John believes there are too many toys to play with and the distractions have mounted dangerously in both driving and business.
They would never move to a bigger town like Hamilton. John believes he would spend too much time telling the council what they are doing wrong. And they can afford 3500 square feet in Otorohanga. They need it all. The shop is open to the back wall.
The last quarter of it is filled with precipitous cardboard boxes stacked most of the way to the ceiling.
They don't do change unless it is an improvement. They wrap things in brown paper. They got eftpos when it got embarrassing not to have it, but were one of the first to adopt credit cards.
There are no computers "alienating". It's all hand-written ledgers and easy to remember credit terms: "100 percent deposit, no interest."
There is a strict stock-control system involving a pencil and rubber and the sides of the cardboard boxes. They own no cellphones and John wears what may be the last functioning pager in New Zealand.
They draw the line at a ball gown, but can do a suit within a day with the help of the seamstress next door. There are no mirrors in the changing room, so buyers have to come out for one of the lads to have a look at how the new gear is hanging. The customer is to be made happy, but is not always right. Twice today Karam has had to gently suggest that short sleeves are not appropriate wedding wear, even in Otorohanga, and steer the guy towards something more fitting.
They are rarely out by the 5pm close, as there are after-work people to serve. Haddads is their personalities and there is a temptation to see the pair as simply a floor show, but the business also runs with a sharp sense of values.
There are many maxims.
"Never lose sight of the fact the customer doesn't owe you a living. As soon as the customer walks through the door, you've been honoured, " says John.
"Entertain the customer!" says Karam. "It all comes back to passion!"
"Passionate, positive, dedicated, committed, " says John. "There is no greater motivation than the fear of failure."
And "No matter how good you are, never think that you are the best and you can't do any better."
And "Business is like a garden in your backyard - you only get out what you put in."
There are tricks. The Asian tourists sometimes come with limited English. "The one thing every nationality understands is a smile. If you don't know what they want, keep smiling and it will work out. Never look worried!"
Australians don't like a sales pitch and you talk to them about their holiday. The Americans want to know the history of a product. Aucklanders are fantastic because they know prices.
There are observations. John believes the new generation has lost the art of conversation and shopping. Probably the fault of the internet. They believe if you have a business and another time- hungry pursuit, you will fail at one of them.
There is no time to visit the big extended family in the US. Time away from the shop is time never returned. "We don't travel." "Don't travel." "We don't like to be away from the shop." "I think I'm missing out."
Karam is puzzled by some who come for advice. "They always ask, How much money can I make with this sort of store!" Incredulous, as if they're asking what colour it should be. "But you have to enjoy it!"

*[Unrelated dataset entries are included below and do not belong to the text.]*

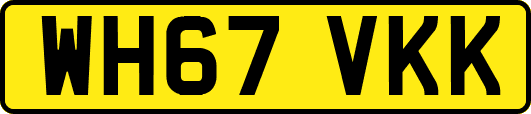 WH67VKK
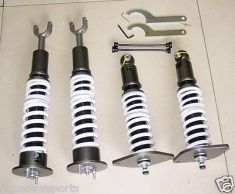 Suspension/Coilovers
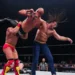 Audiencia preliminar AEW Rampage 28 de julio de 2023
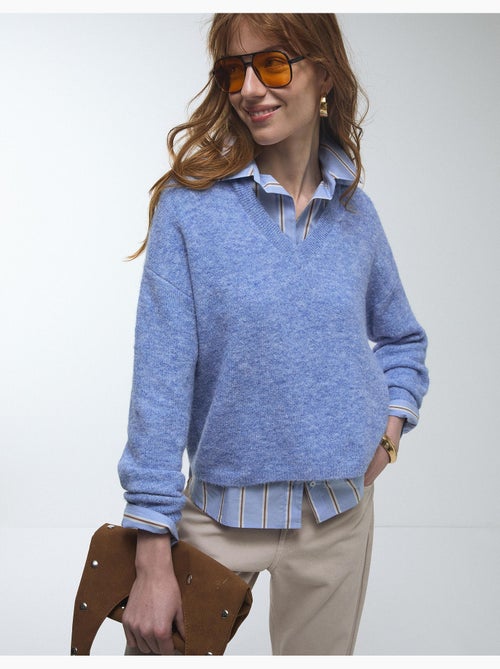 Polo a rete, MO Fashion - Kiabi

John says he doesn't have time to read books, but he can talk on any subject. "Swiss watches?" He produces five minutes on their demise and why and but how Casio is still OK.
The brothers were born either side of World War II and there have been health concerns lately. There is no-one in the wings. They will go on till "one man drops". And then that's it.
They don't read books, but they should write a book or have one written. The Haddad Way, or something else as gripping. But they won't. There's no time. It's all known things and common sense, anyway, as simple and pointless as saying, Hit the ball into the goal lots.
"You have to like people, " says John. "Every day it's like being on stage, " says Karam. It's impossible to learn. "It has to be real, you have to do it from the heart, " says John. "It has to be in you."